Relationships between acute effects and
treatment response
Because the acute effects of psilocybin were quite variable, it was
possible to explore the relationships between the intensity of
acute effects and changes in drinking behavior. Table 3 shows
correlations between three summary measures of the intensity of
acute effects in the first psilocybin session and short-term clinical
outcomes. Large correlations were observed between measures
of acute effect intensity and change in drinking behavior, as well
as changes in craving and self-efficacy in some cases.
Supplemental Figure 1 displays scatterplots of the individual data
points underlying these correlations.
Treatment-related adverse events
Five participants reported mild headaches which resolved within
24 hours following psilocybin administration, consistent with
prior reports (Johnson et al., 2012). One participant had nausea
with one episode of emesis during one psilocybin session. One
participant with irritable bowel syndrome experienced diarrhea
during one psilocybin session. One participant reported insomnia
on the night following a psilocybin session. No participant
required medication or other intervention for blood pressure,
anxiety, or other psychiatric symptoms. There was no report
of illicit hallucinogen use by any participant during study
participation.
Discussion
Overall, the response of our alcohol-dependent participants to psil-
ocybin was qualitatively similar to that which has been reported in
other samples (Hasler et al., 2004; Griffiths et al., 2006, 2011;
Grob et al., 2011). Medication-related AEs were transient and
mild. However, subjective response was highly variable among
participants in this study, and numerically weaker on average for
some of the measures than that reported in normal volunteers at
comparable doses (Griffiths et al., 2011). This is consistent with
observations beginning in the 1950s that alcoholics tended to
require larger doses of LSD to have a strong effect (Chwelos et al.,
1959). Our findings suggest that some alcohol-dependent patients
are relatively insensitive to the effects of psilocybin, although
larger samples will be necessary to confirm this. The lack of sig-
nificant differences between the 0.3 mg/kg and 0.4 mg/kg doses is
most likely accounted for by the small sample size (n = 6) and/or
idiosyncratic responses in a small number of participants.
Participants exhibited significant improvement in drinking,
with large pre–post effect sizes, as well as significant changes in
psychological measures relevant to drinking. Importantly, much
of the improvement occurred following the administration of
psilocybin, at which time participants had already received 4
weeks of psychosocial treatment and 4–6 hours of assessment.
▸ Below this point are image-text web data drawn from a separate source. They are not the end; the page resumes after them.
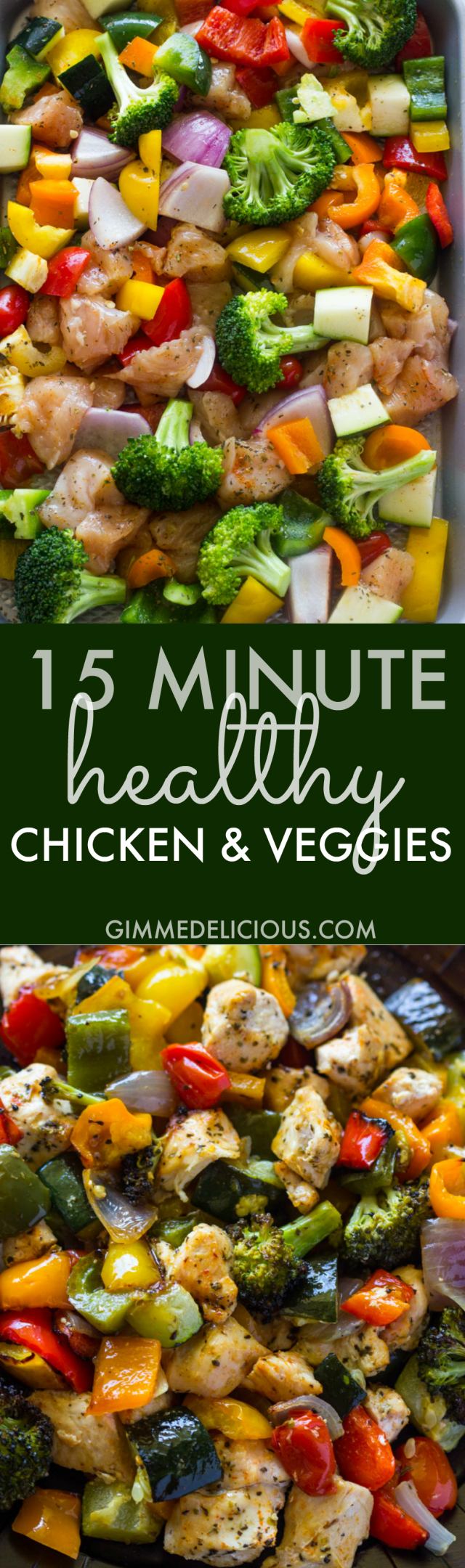 15 Minute Healthy Roasted Chicken and Veggies (Video) | Gimme Delicious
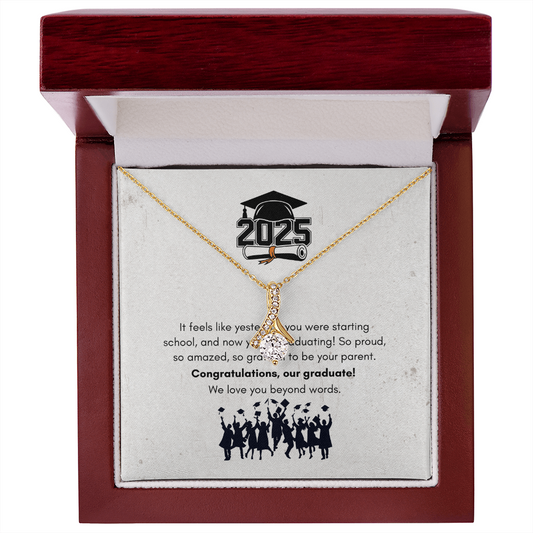 Yellow & White Gold Necklace with Message Card – Perfect Gift for Graduate Girl from Parents, NAG06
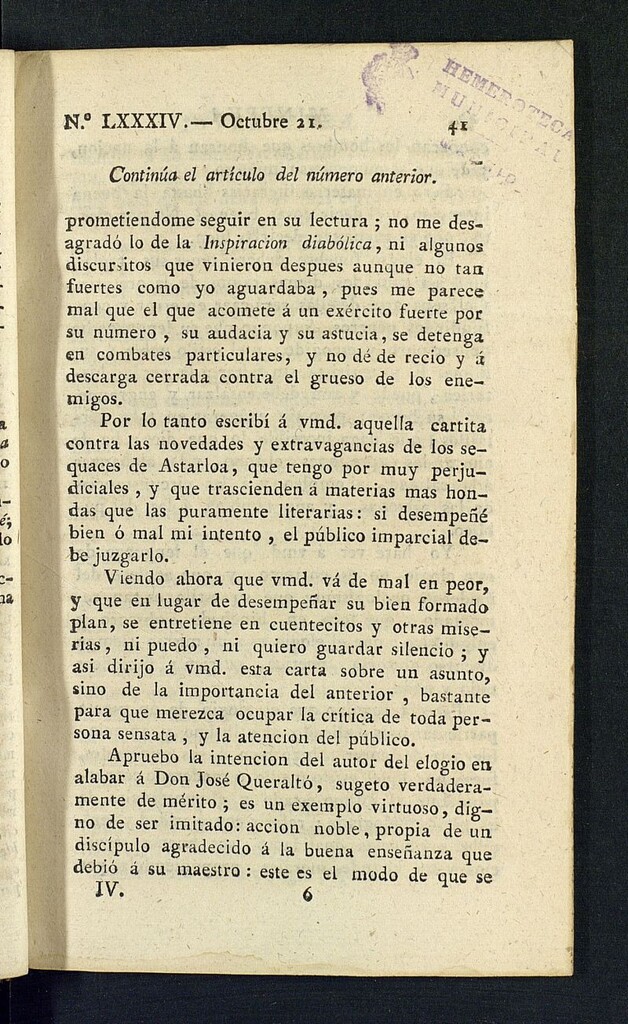 Miniatura de Minerva o el Revisor General del 21 de octubre de 1806, nº 84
Also, strong correlations were observed between measures of
intensity of the acute drug effects and clinical outcomes. Although
change in drinking was correlated with the mystical quality of the
experience, it was similarly associated with ratings of other acute
effects. More work will necessary to determine whether there are
particular characteristics of the acute psilocybin experience that
are predictive of therapeutic benefit in alcohol use disorder.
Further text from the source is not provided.